Lessons can be learnt in the way Asiwaju Bola Ahmed Tinubu picked a successor now deemed by many as worthy
Some weeks back when controversy raged over who should inherit the stool vacated by the late Chief Abraham Adesanya, the Yoruba leader, TheNEWS was the guest of immediate past governor of Lagos State, Asiwaju Bola Ahmed Tinubu, whose opinion we sought on the matter. This writer told Tinubu bluntly that some people see him as attempting to force himself on the Yoruba race as its leader. •Asiwaju Bola Ahmed Tinubu
• Mr. Babatunde Raji Fashola Tinubu, a usually calm interview material, became very angry. “I don’t respond to foolish analysis. I say it is foolish and senseless. I have antecedents that you can review and evaluate politically in this country,” he remarked. He added that he can be used effectively as a case study in Nigerian politics and spoke of how he laid a solid foundation for growth and development of Lagos State, and that he has successfully “engineered” a transition.
Tinubu’s blood may have boiled, prompting an angry response to what his traducers were saying, but by that response he subtly yielded the inner recesses of his mind – the fact that he thinks his successor is a worthy one, and that he feels justified to have backed Babatunde Raji Fashola all the way, ensuring his landslide victory last April. Tinubu, by saying he can be used as a ‘case study’ was inviting his critics to see how it is done. He remains convinced that not only has he laid the foundation for enduring growth in all spheres in Lagos State, he has equally engendered a noteworthy transition from a good government to a potentially very good government.
A man with an eye for the spoken word, Tinubu in those few lines would like his traducers to know that even if he is “too young”, as he claimed, and disinterested in assuming Yoruba leadership, if a poll of potential candidates were taken, (by his antecedents) he will not be a pushover.
When Tinubu picked Fashola to succeed him, he, Fashola, was such an unpopular choice, a situation not helped by the fact that he was not the archetypal politician. He was a technocrat who operated behind the scene, and made telling contributions. But Tinubu knew who he wanted and what he wanted, so against all odds, despite being called names for not picking any of the better known politicians, he stuck to his man on the way to a stunning victory in the 14 April 2007 election.

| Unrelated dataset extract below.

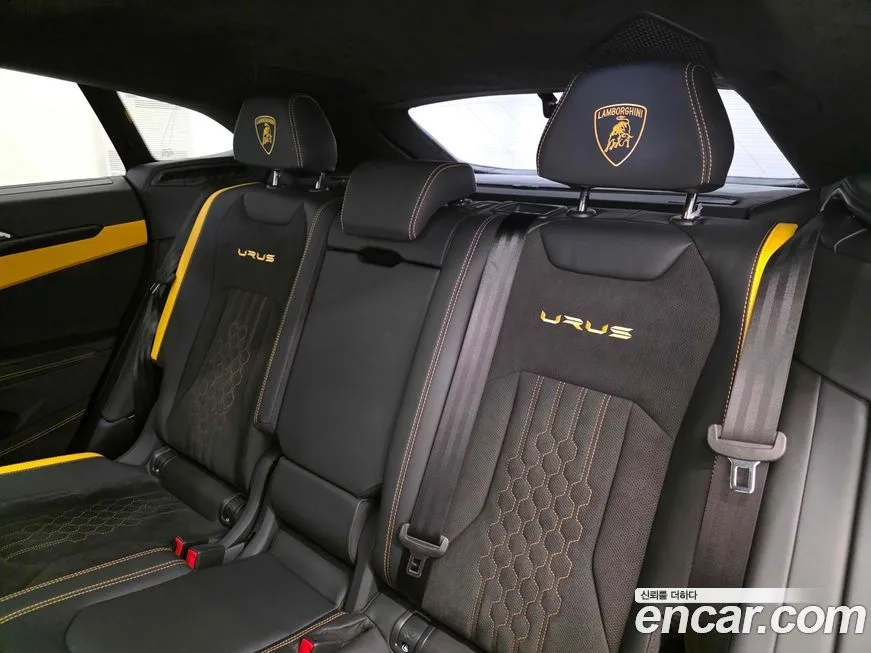 Lamborghini Urus — фото 3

The lesson is that Tinubu never picked his best friend. Neither did he pick a clone of himself, for it is as apparent as daylight that Fashola and Tinubu are very different men. Tinubu’s overriding desire was to pick a man who would best sustain his legacy or even surpass him. If Tinubu ran Lagos State in a manner that ensured that his private sector background was brought to bear on many facets of governance, Fashola is doing exactly that and is desperate to bring about changes in record time. So it is credit to Tinubu that he saw what others did not see.
Fashola is unquestionably brilliant, like Tinubu his mentor, but lacks Tinubu’s electricity on the soapbox. He also apparently lacks Tinubu’s tactical nous as a politician, but he has the right mix of leadership qualities, the impatience to achieve results. Aides testify that Fashola has boundless energy, determination and endeavour, qualities that made a journalist to liken him to Wayne Rooney, the soccer star who plays for Manchester United, the English club Fashola has supported for years.
Tinubu is the ultimate winner. He can sleep easy knowing he could not have made a better choice. Nothing compares to the joy a man feels when he looks back and discovers just how right a crucial decision he has taken is. So far, Fashola has done great credit to his former boss, building on the foundation he laid. Fashola may well be Tinubu’s greatest legacy to Lagosians.